The patient is missing a coagulation factor that is essential for normal blood
clotting and as a result the blood does not clot when the patient bleeds. It is an
X-linked recessive inherited disorder, passed on so that it presents symptoms in
males, and rarely in females. Hemophilia A is the result of missing clotting factor
VIII. Hemophilia B is the result of missing clotting factor IX and is also known as
Christmas disease.

PROGNOSIS
The most common sites of bleeding are into the joints, muscles, or from the GI
tract. Mild forms of the disease will only cause bleeding after surgery or trauma,
whereas severe forms of the disease will cause bleeding without any prior cause.
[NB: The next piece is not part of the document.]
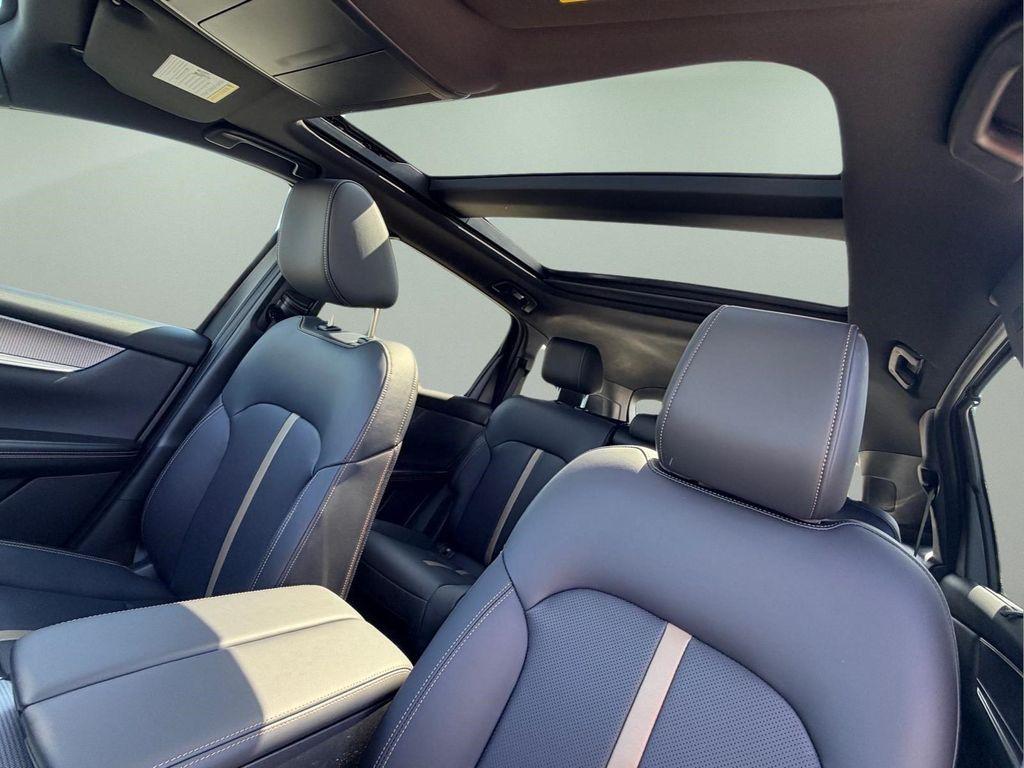 new 2026 Mazda CX-70 car, priced at $53,344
HALLMARK SIGNS AND SYMPTOMS
• Tender joints due to bleeding
• Swelling of knees, ankles, hips, and elbows due to bleeding
• Blood in stool (tarry stool) due to GI blood loss
• Blood in the urine (hematuria)

INTERPRETING TEST RESULTS
• PTT prolonged.
• PT normal.
• Bleeding time normal.
• Fibrinogen level normal.
• Decrease in clotting factor VIII found in blood serum in Hemophilia A.
• Decrease in clotting factor IX found in blood serum in Hemophilia B.

TREATMENT
• Avoid aspirin.
• For hemophilia A administer factor VIII concentrates.
• Cryoprecipitate.
• DDAVP for patients with mild deficiency.
• For hemophilia B administer factor IX concentrates.

NURSING DIAGNOSES
• Acute pain
• Impaired gas exchange

NURSING INTERVENTION
• No IM injections.
• No aspirin.
• To stop bleeding:
• Elevate site.
• Apply direct pressure to the site.
• Explain to the patient:
• Wear a medical alert identification.
• Contact physician for any injury.
• Avoid situations where injury might occur.